Full report of the latest Europe Day Concert ere long.

Tuesday, 16 May 2017

Europe Day Concert 2017: depth and range



There, bang in the middle of what by common consent turned out to be the best Europe Day Concert to date, was the world premiere of a piece which went as deep and as high as anything on the programme: Stranded by Matthew Kaner, in which the solo violinist finally breaks away from the combative orchestra and walks offstage, still playing. A surprise which no-one expected and which in the programme note the composer hadn't divulged, but everyone got the point. Arriving at St John's Smith Square halfway through the afternoon rehearsal to hear the already great Benjamin Baker and conductor Jonathan Bloxham - my favourite twentysomething musicians* and I pictured at the after-concert party below -


rehearsing the new work with the Northern Chords Festival Orchestra, I was taken aback by the ravishing beauty of the sound (Matt's orchestration is a wonder) and the impact of the playing.


An email comment, one of many from friends, sums it up: 'a superb band - quite the best I've heard in its depth and range'. Photos here all by Jamie Smith, with the exception of the below, composer concentrating at the rehearsal, by me.


And it all went beautifully. People wept, and not just at the emotion of standing, as we always do, for Beethoven's Ode to Joy at the end of the concert (I have to add that the orchestral statement of the Ninth Symphony's big tune has never sounded better either, even if it had an extra kick after Macron used it two days earlier). The emotional depths were especially sounded in 'The Oak Tree' from Sibelius's peerless incidental music to The Tempest, Ariane's Farewell from Martinů's eponymous late masterpiece with Maltese soprano Nicola Said rising to divadom - how she's come on even in the year since I saw her perform the role at the Guildhall School -


and the metamorphosis/resurrection, Respighi's 'The Birth of Venus' from his Botticelli Triptych, swelling and all-enveloping.  Again, an e-mail accolade is worth reproducing: 'it was an extraordinary evening, beautiful, at times so exquisite (Martinů's aria) it actually hurt, dignified, wrenching'.


The theme was 'islands', Malta currently holding the presidency (the opening speeches, from Norman Hamilton, Maltese High Commissioner, and Christine Dalby, Acting Head of the European Commission Representation in the UK, were succinct and very much to the point). The programme looked good on paper. But in practice it went further than expected - so much could be taken as metaphor for the tragedy of the UK's imminent departure, even if it wasn't consciously planned as such.
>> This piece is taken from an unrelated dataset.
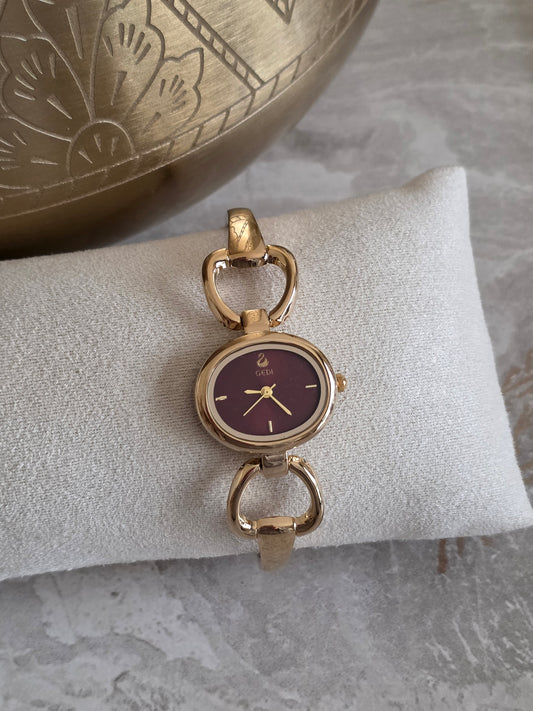 Rina Watch featuring a burgundy dial, gold-tone rounded-square face and elegant open-link stainless steel bracelet with gold plating.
Again there was general agreement that not a piece failed to make its mark.

Even Maltese composer Charles Camilleri's 'Nocturne' from the Malta Suite - not the piece originally desired - provided a melancholy showcase for Jonathan's wonderful strings, making so much sound for the grouping 5.5.3.3.2 and all the nimbler as a result, as the iridescent variety of Mendelssohn's The Hebrides Overture immediately established. Communication and flexibility, assets which Jonathan has developed amazingly quickly - he's now assistant to Mirga Gražinytė-Tyla at the City of Birmingham Symphony Orchestra - caught everyone around me, I could see, and didn't let go until over an hour later. Sounds as if I'm exaggerating but I speak the truth when I say I haven't heard a livelier or more gorgeous-sounding performance of the Mendelssohn classic.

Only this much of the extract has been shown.